The U.S.’s 911 emergency response almost works in spite of itself; it’s an aging patchwork of 6,500 call centers that largely worked when everyone had a home phone line, but has struggled as fewer and fewer Americans own a landline. The network’s vulnerabilities to hackers have been an open secret for years — but The Wall Street Journal has an in-depth story of what looks to be the largest-ever attack against the 911-emergency-response network.
In an odd way, the fact that most call centers haven’t seen major updates in years is a line of defense against attackers. Most call centers still use old-fashioned copper-wiring telephone cable — a 911 call center that ran on a Voice over Internet Protocol (VoIP) system, like many larger businesses use, would be much easier to take down.
But even copper-wire-telephone-cable call centers can be brute-forced. Starting late on the evening of October 25, 2016, for nearly 12 hours, dozens of 911 call centers across the country were barraged with thousands of calls from smartphones, from California to Florida. The 911 calls would hang up as soon as an operator picked up. “We didn’t mean to call 911!” one panicked girl told an operator, per The Wall Street Journal. “I’m not touching the phone! I’m not doing anything! I don’t know how to make it stop!”
The main attack started when the Twitter account @SundayGavin tweeted: “I CANT BELIEVE PEOPLE ARE THIS STUPID,” along with a shortened link. (Helpful tip: never click a shortened link.) Once people clicked the link, their phones began to dial 911. Police tracked the Twitter account to an 18-year-old, who claimed he had clicked the link himself, and had posted the link mainly as a joke. Other users picked up on the prank, and began tweeting the link as a way to download new Drake songs, or to please support their pages. Eventually, a social-media celeb with a Twitter account of about 440,000 followers tweeted the link, worsening the problem.
Investigators estimate the link was clicked 117,502 times. Smartphones not made by Apple weren’t affected, and clicking the link while viewing Twitter in desktop did nothing. As soon as the link was clicked, the phone would begin to dial 911. Users could hit the hang-up button, but the phone would simply begin to redial 911. The only way to stop the 911-auto-call loop was to power down the phone.
While this was happening across the country, Maricopa County, Arizona, Sheriff Sergeant Dennis Ogorchock, responsible for the department’s cybersecurity, was called into the office early in the morning, after learning the county’s own 911 system was being overwhelmed. Sergeant Ogorchock ran a WHOIS check on the website causing the mischief. It turned out that the site was registered to Meet Desai — and some social-media sleuthing revealed a young man with the same name, who happened to be enrolled in computer science at a local community college in Phoenix.
Local police found Desai in class, and brought him in for questioning. Desai claimed he had discovered the bug in the iPhone’s software, and was hoping to collect on Apple’s bug bounty — though Apple denies Desai was part of the bug-bounty program. When asked why his script caused phones to dial 911 over and over, Desai told authorities that he originally meant for his code to call 911, before deciding that would alarm too many people, but switched it to call a dead number instead. But, perhaps by accident, the code went live, and people started calling 911 en masse.
“I think he was just a teenage kid trying to make a name for himself in the hacker community,” says Sergeant Ogorchock. Desai is now charged with four felony counts of computer tampering, and has yet to enter a plea.

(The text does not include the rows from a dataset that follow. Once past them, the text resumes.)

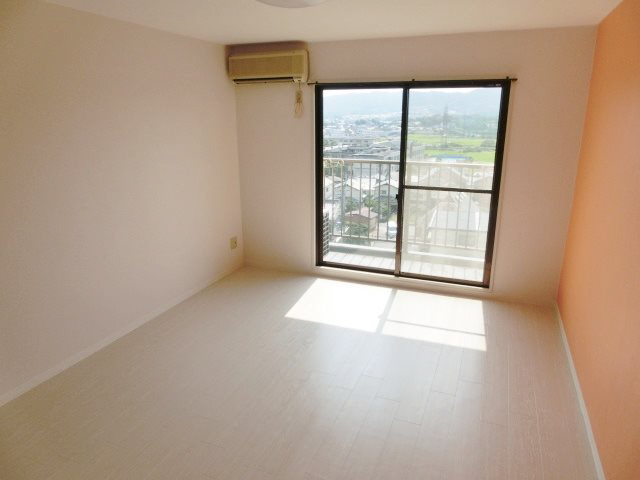 居室 一部同タイプ写真(309) 写真2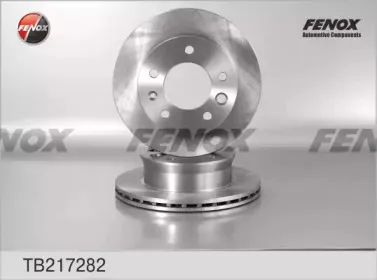 TB217282 FENOX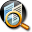 duplicatedetective.com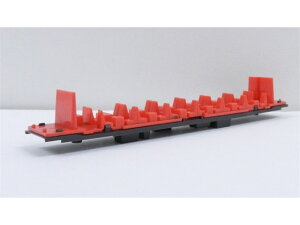 Ki KATO Jg[ NQ[W X͓}1Ap Zbg 5236-1C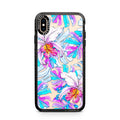 iPhone-XS-Max-Gold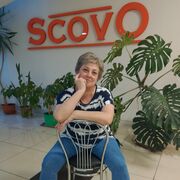  ,   , 51 ,   ,   , c 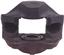 Disc Brake Caliper A1 19-448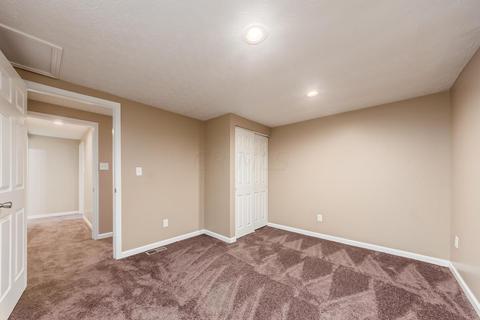 3197 E Deshler Ave, Columbus, OH 43227 photo 15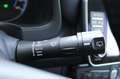 Nissan Leaf e+ Tekna 62 kWh NL-Auto | Automaat | Navigatie | 3 Blanco - thumbnail 19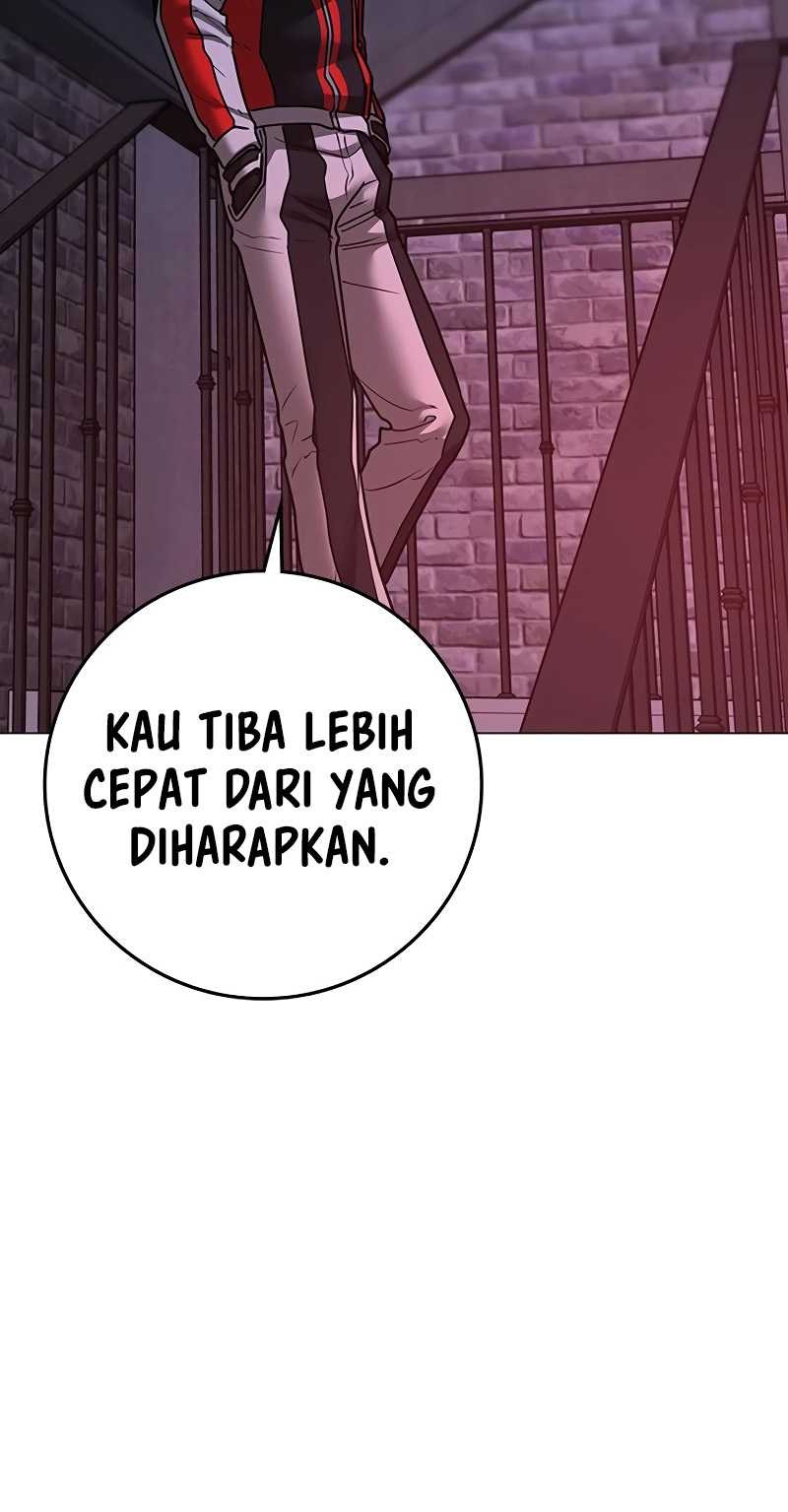 Reality Quest Chapter 111 Gambar 71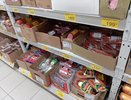Купили в «Светофоре» — выбросили в тот же день. Рассказываю, что категорически не стоит брать, даже если цена смешная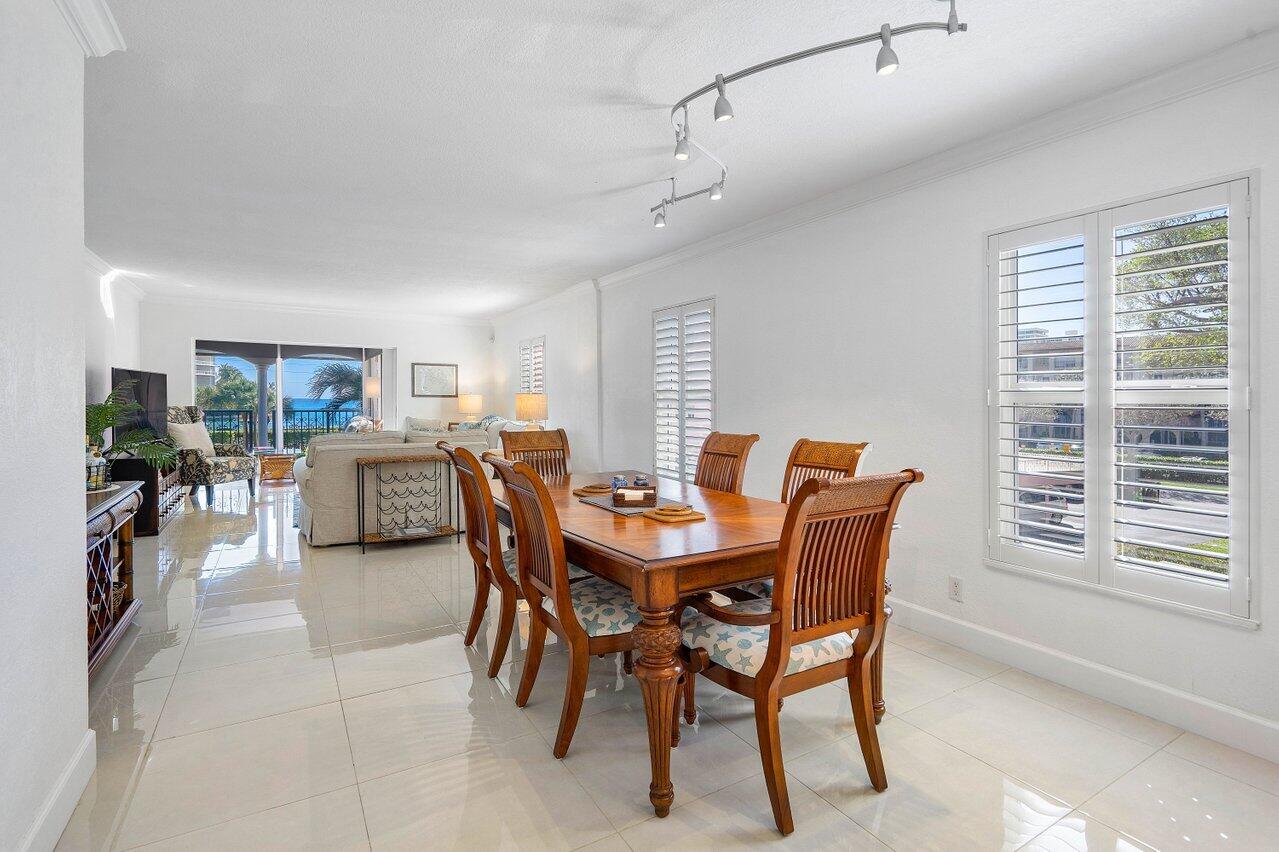 1040 Banyan Road, Unit 2010 Boca Raton, FL 33432 - Photo 19 of 46 1040 Banyan Rd 2010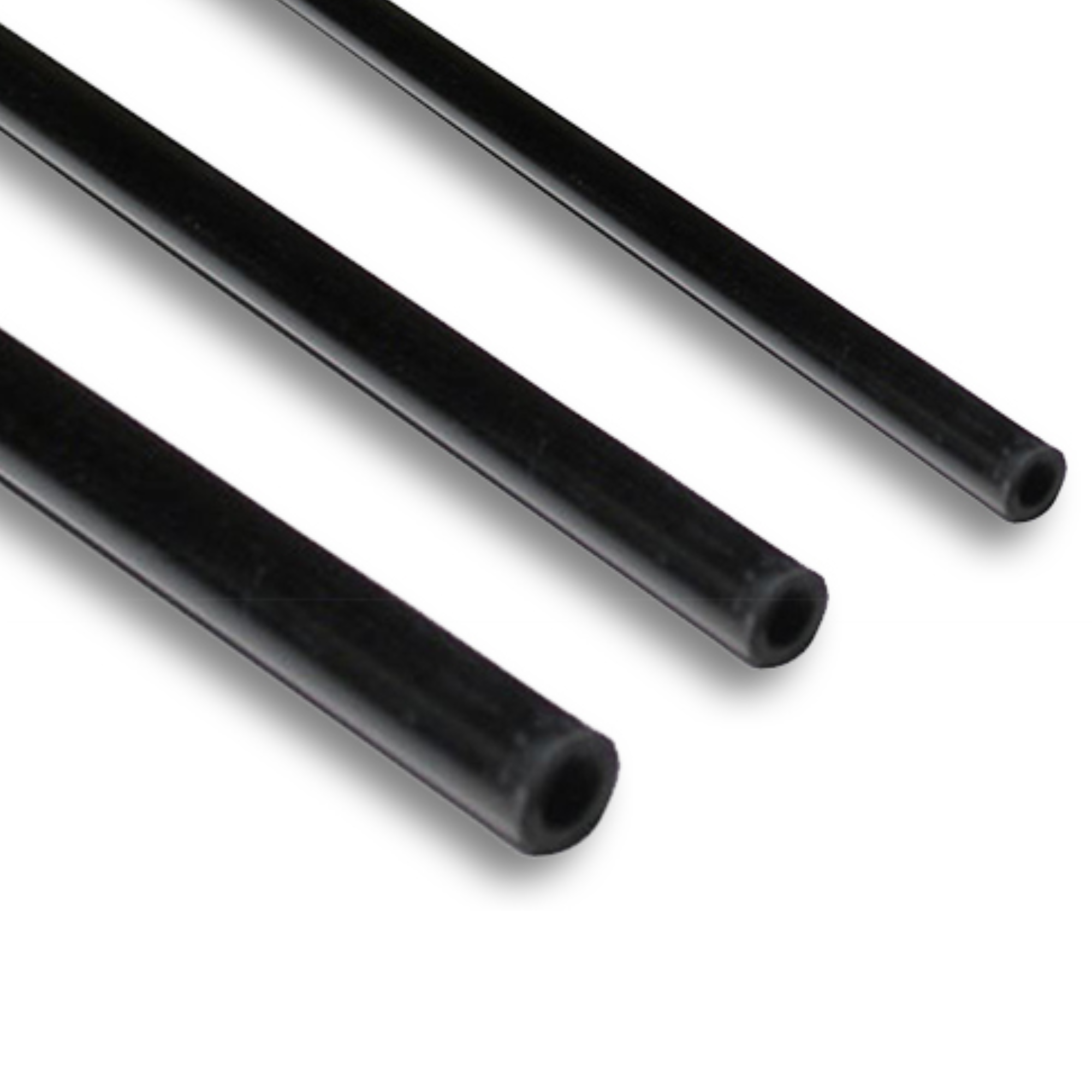 Carbon Tubing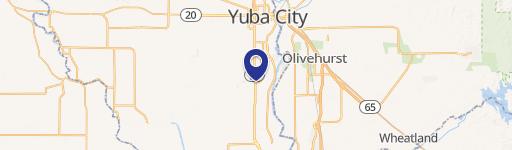 Yuba City, CA 95991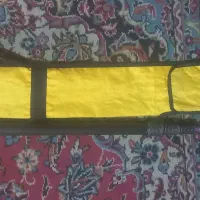 بوم صدابرداری ،امبینت اصل آمریکایی ۵ متری|دوربین عکاسی و فیلمبرداری|تهران, جیحون|دیوار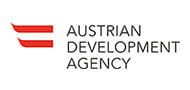 Austrian Development Cooperation Private Sector Development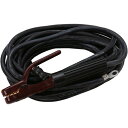◆スズキット HC延長R22-10X10M CC-256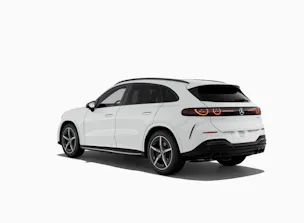 MERCEDES-BENZ GLC 300 4MATIC 85 kWh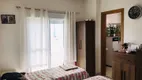 Foto 27 de Apartamento com 3 Quartos à venda, 143m² em Vila Caicara, Praia Grande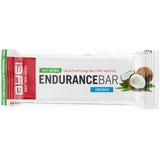 Endurance bar kokos - 40 gram (doos à 30 stuks)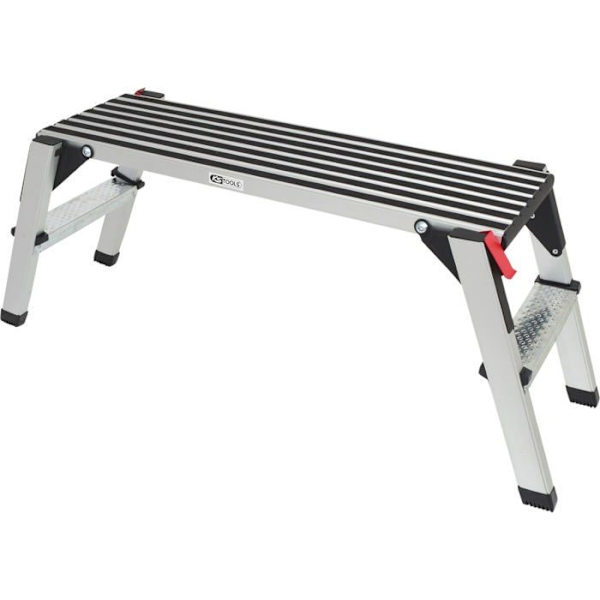 Aluminiumsteg KS TOOLS 800.0960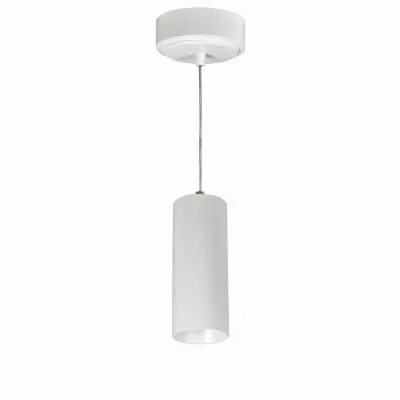 2″Pendant3886240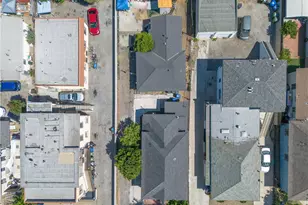 737 E 47th St, Los Angeles, CA 90011 - Photo 10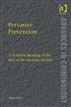 Pervasive Prevention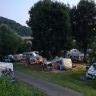 Camping Holländischer Hof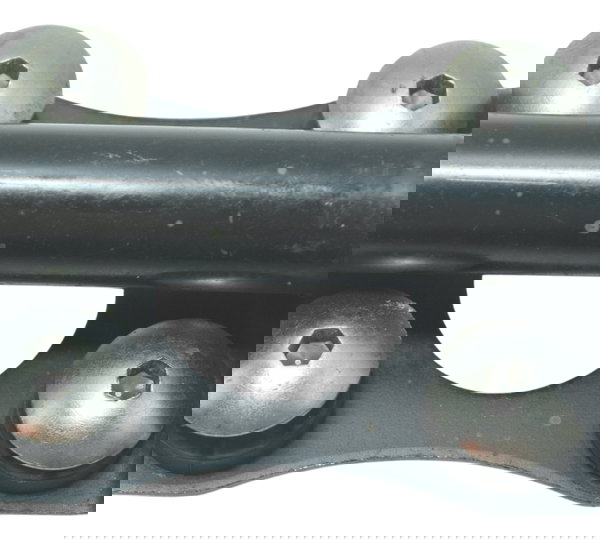 Suporte Tanque Suzuki Gsx-r Srad 1000 08-10 Original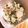 aaaaaaaai's cooksnap of when they made かぶのツナサラダ.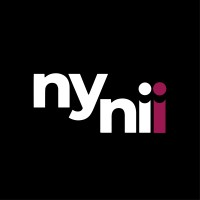 Nynii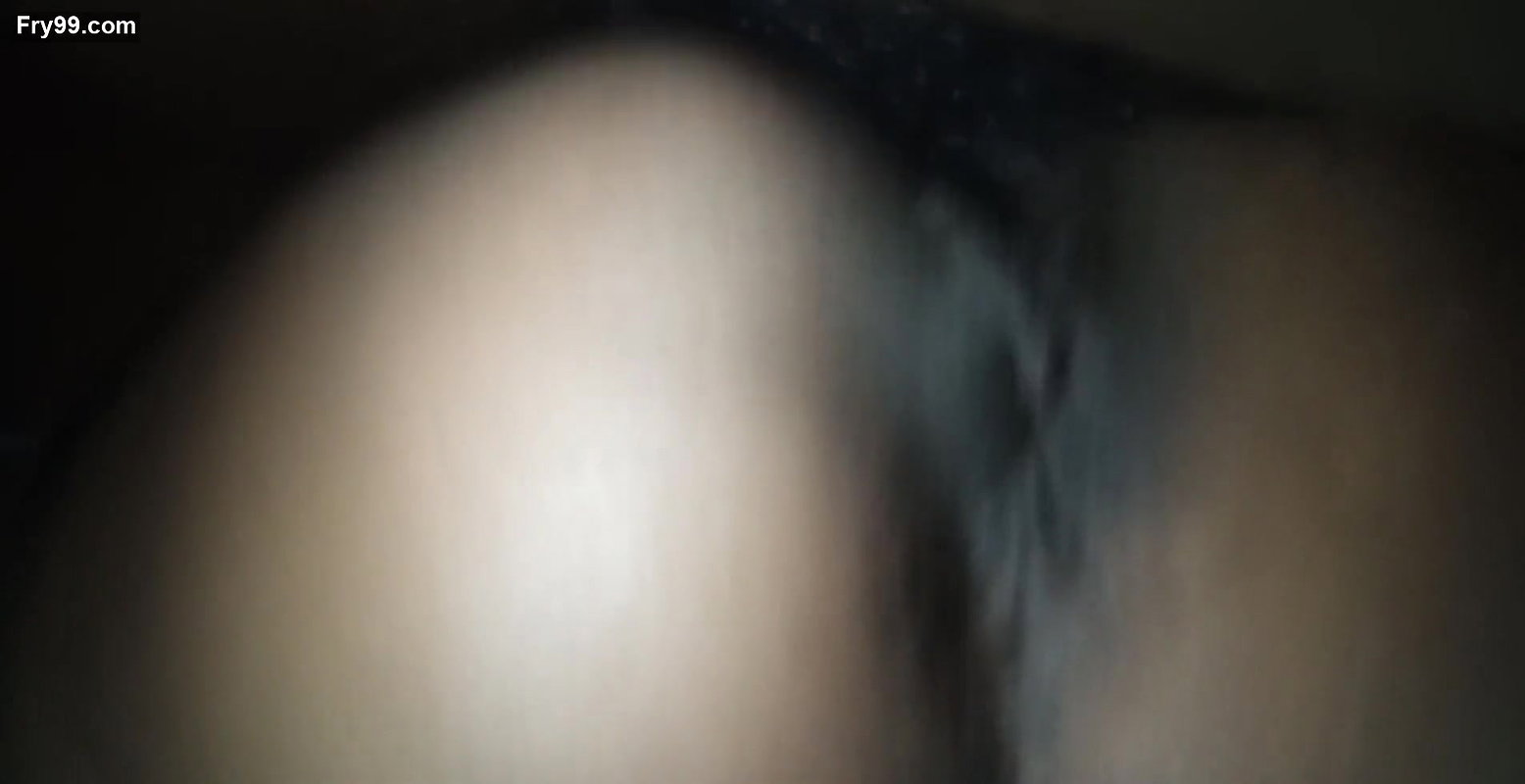 Soniya bhabi fucking cowgirl style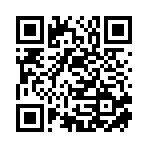 泗水县安信物业服务有限公司移动站二维码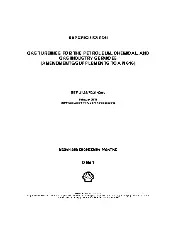 SHELL 31.29.70.31 2011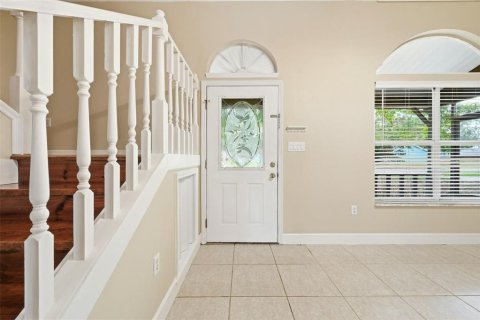 Casa en alquiler en Leesburg, Florida, 4 dormitorios, 167.6 m2 № 2105572 - foto 4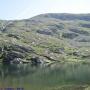 Randonnées dans les Pyrénées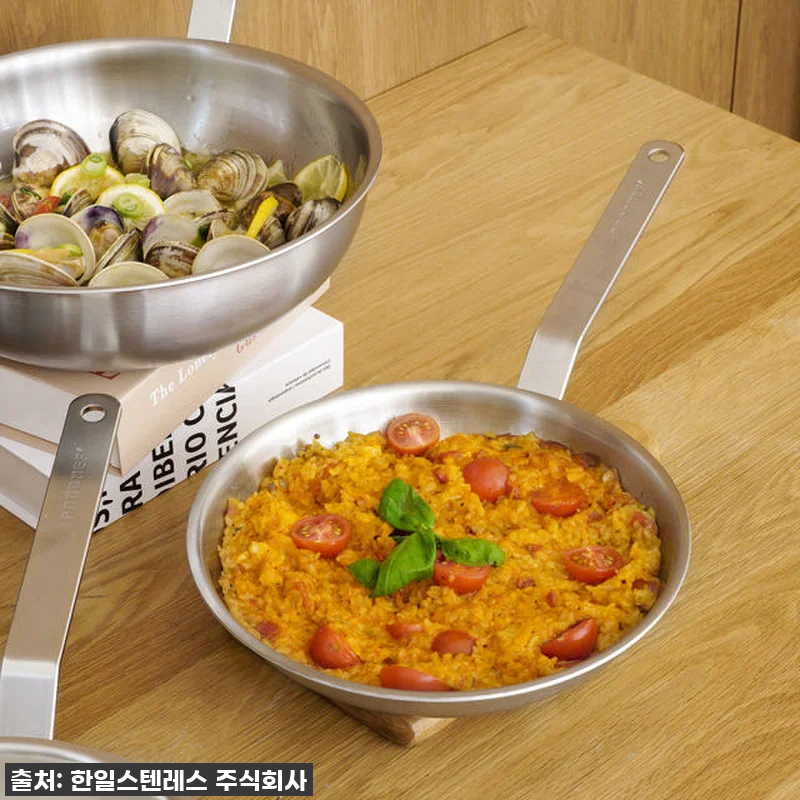 이거 안 사면 후회할 걸? 찐 주부의 관련 이미지 2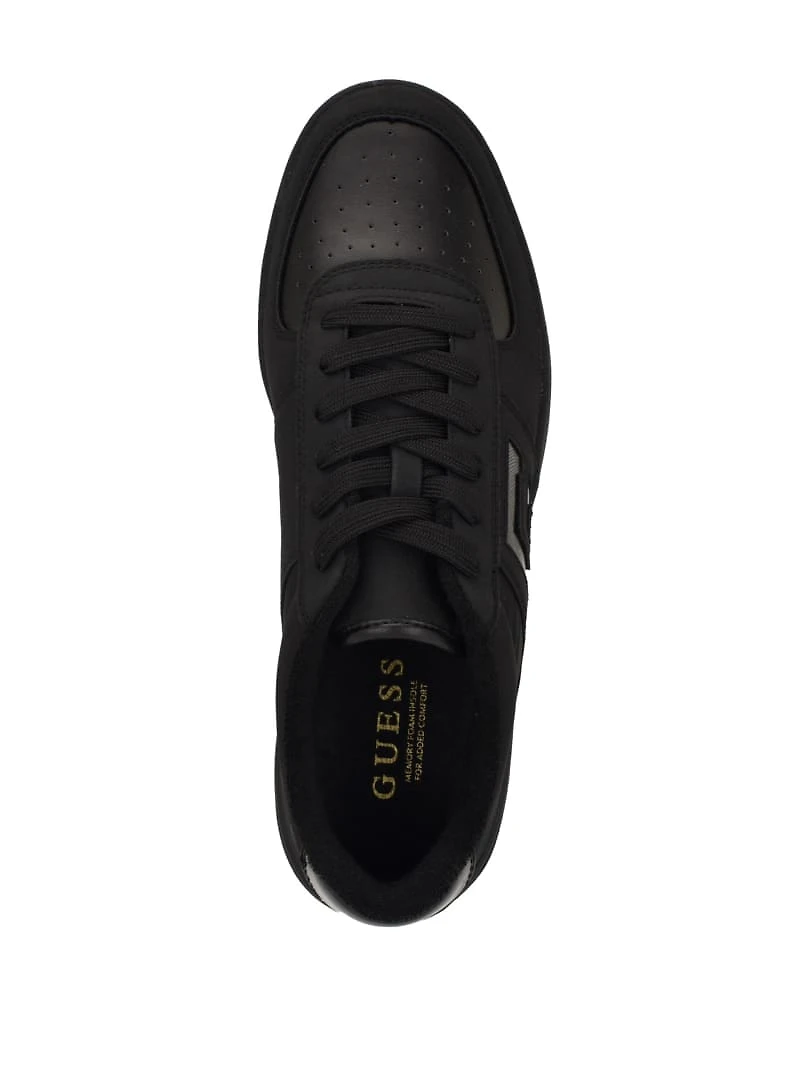 Nastele Signature G Sneakers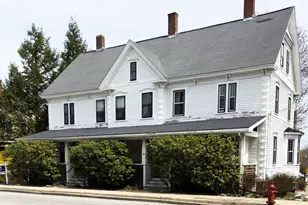 181 Central Ave, Dover, NH 03820 - Photo 1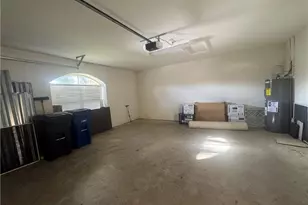 12199 Lucca St, Fort Myers, FL 33966 - Photo 27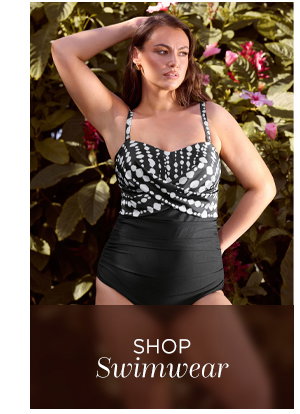 swimwear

Apple plans to patch the security hole that allowed for iPhones to be taken over and call 911 nonstop.
What’s frightening is that this attack seems to mainly have been perpetrated by teenagers goofing off on the internet, and they just accidentally brought one of the nation’s vital safety systems to its knees. It’s scarier to think what could have happened if the code hadn’t allegedly been the brainchild of a bored community-college student, but one of someone with more experience and more malicious motives.
“If this was a nation-state actor that wanted to damage or disable 911 systems during an attack, they could have succeeded spectacularly,” says Trey Forgety, director of government affairs at the National Emergency Number Association, speaking to The Wall Street Journal. “This was a serious wake-up call.”